Provided material START

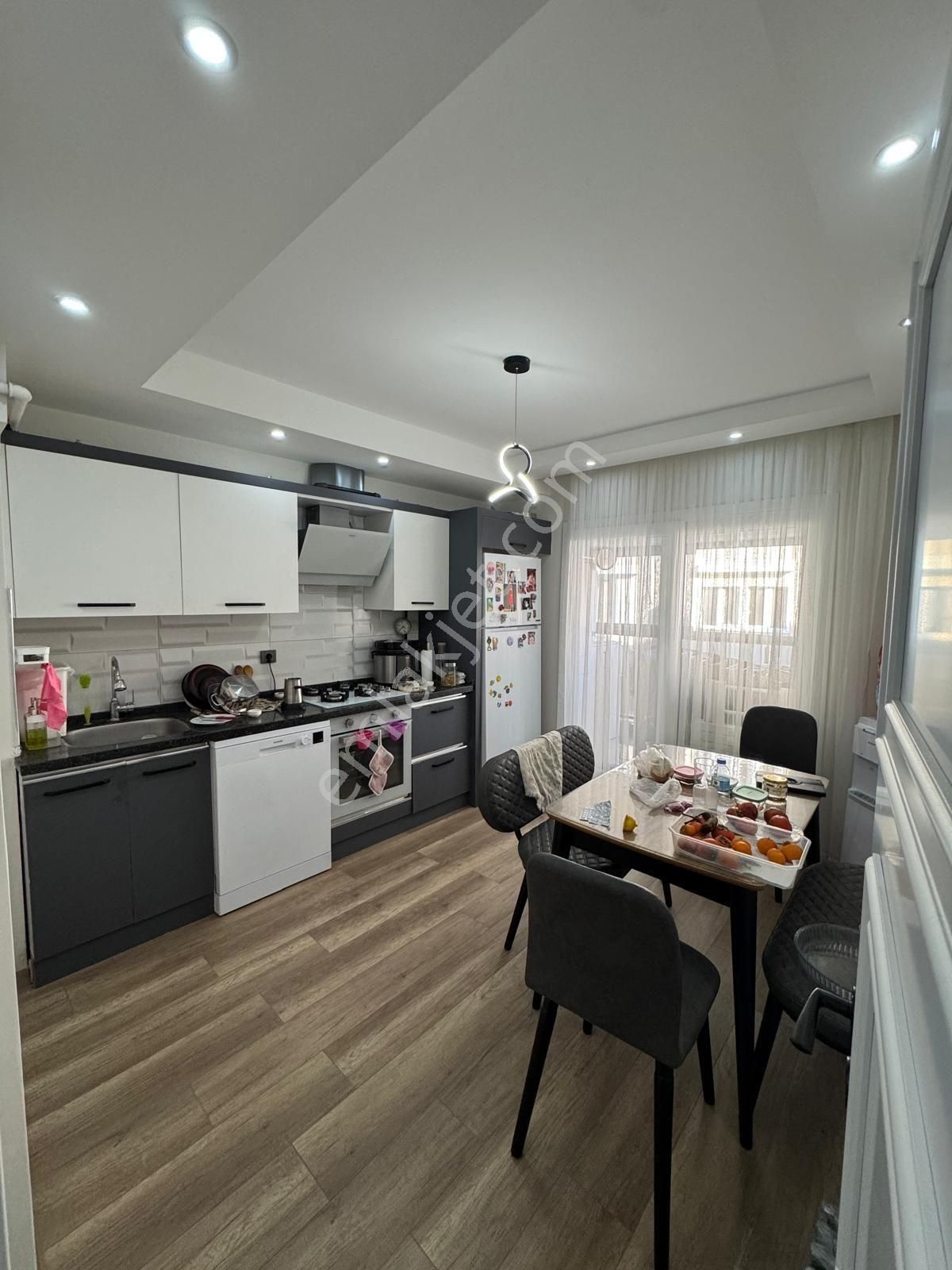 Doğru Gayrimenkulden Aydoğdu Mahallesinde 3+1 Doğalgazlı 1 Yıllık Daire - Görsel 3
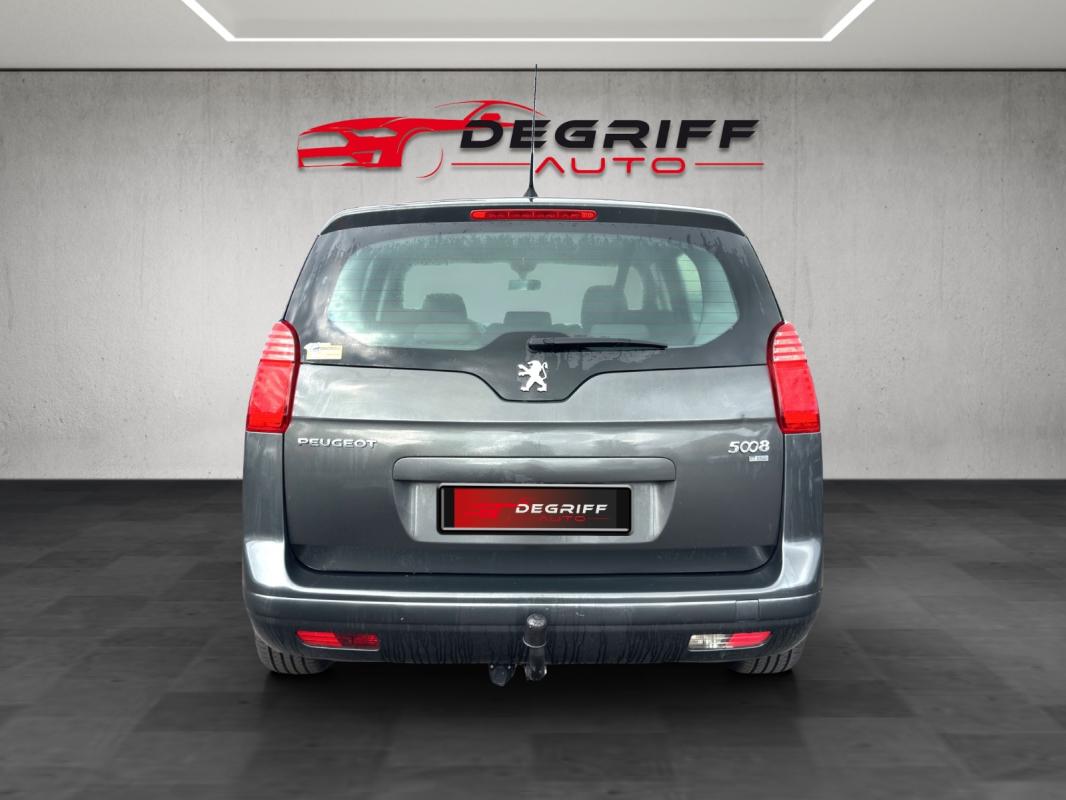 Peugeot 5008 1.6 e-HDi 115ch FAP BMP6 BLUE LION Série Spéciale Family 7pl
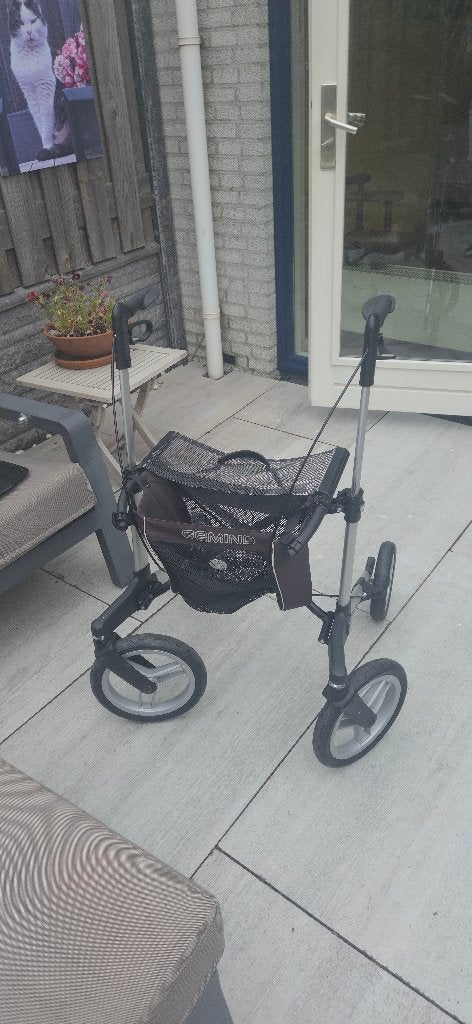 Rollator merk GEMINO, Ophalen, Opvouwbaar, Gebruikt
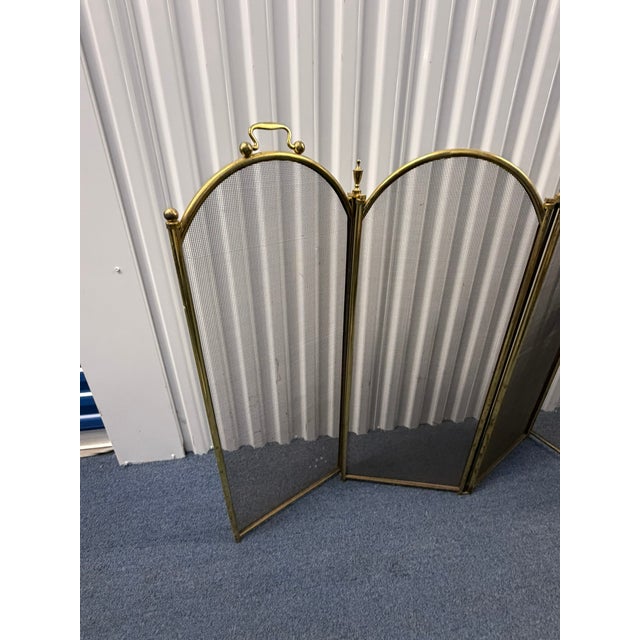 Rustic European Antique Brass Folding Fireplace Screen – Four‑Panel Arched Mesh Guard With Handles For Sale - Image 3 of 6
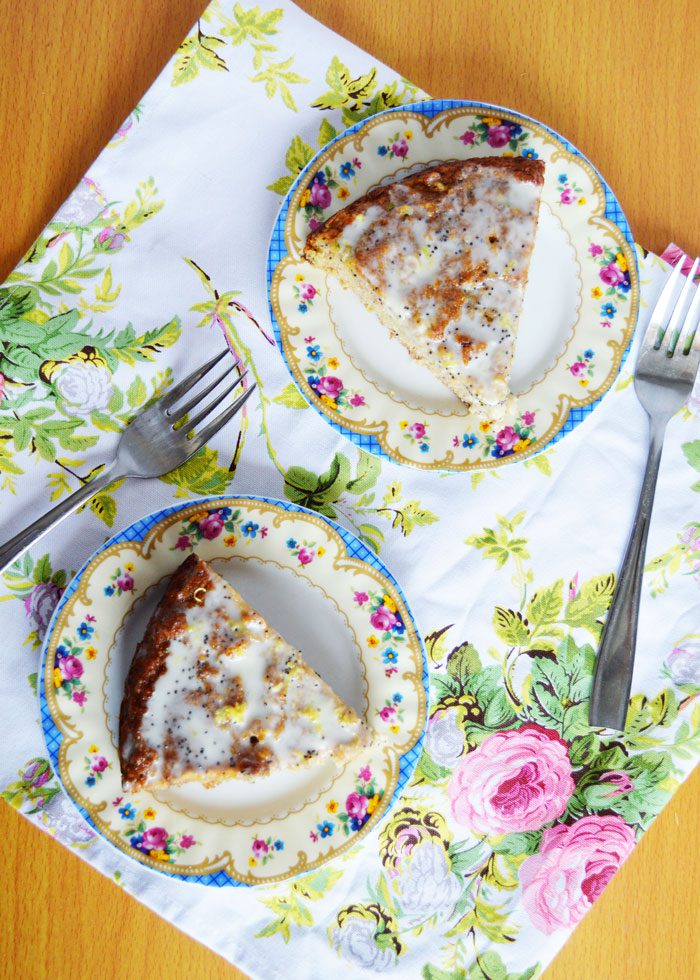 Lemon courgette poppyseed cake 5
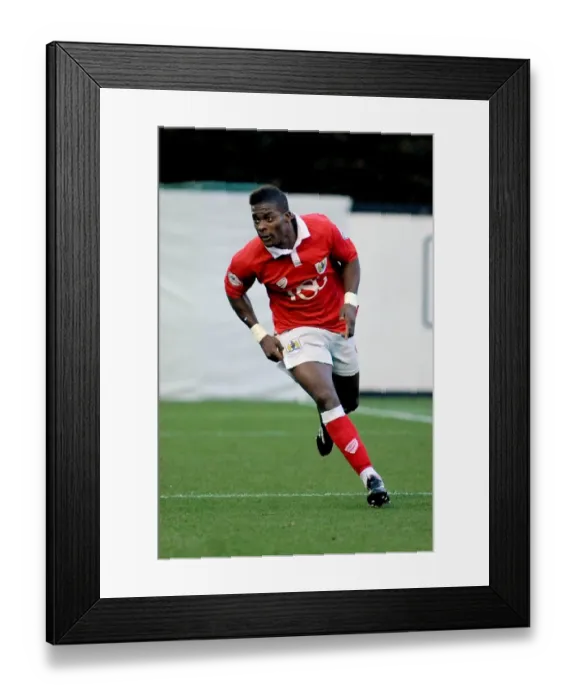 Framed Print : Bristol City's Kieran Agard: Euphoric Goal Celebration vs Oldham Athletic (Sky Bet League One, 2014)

Provided material END

Write the lines from the line containing "Peugeot 5008 1.6" through the last line of the data out again exactly, and only those lines; pictures stay out.

Exercise output =
 Peugeot 5008 1.6 e-HDi 115ch FAP BMP6 BLUE LION Série Spéciale Family 7pl
 Rollator merk GEMINO, Ophalen, Opvouwbaar, Gebruikt
 Rustic European Antique Brass Folding Fireplace Screen – Four‑Panel Arched Mesh Guard With Handles For Sale - Image 3 of 6
 Lemon courgette poppyseed cake 5
 Framed Print : Bristol City's Kieran Agard: Euphoric Goal Celebration vs Oldham Athletic (Sky Bet League One, 2014)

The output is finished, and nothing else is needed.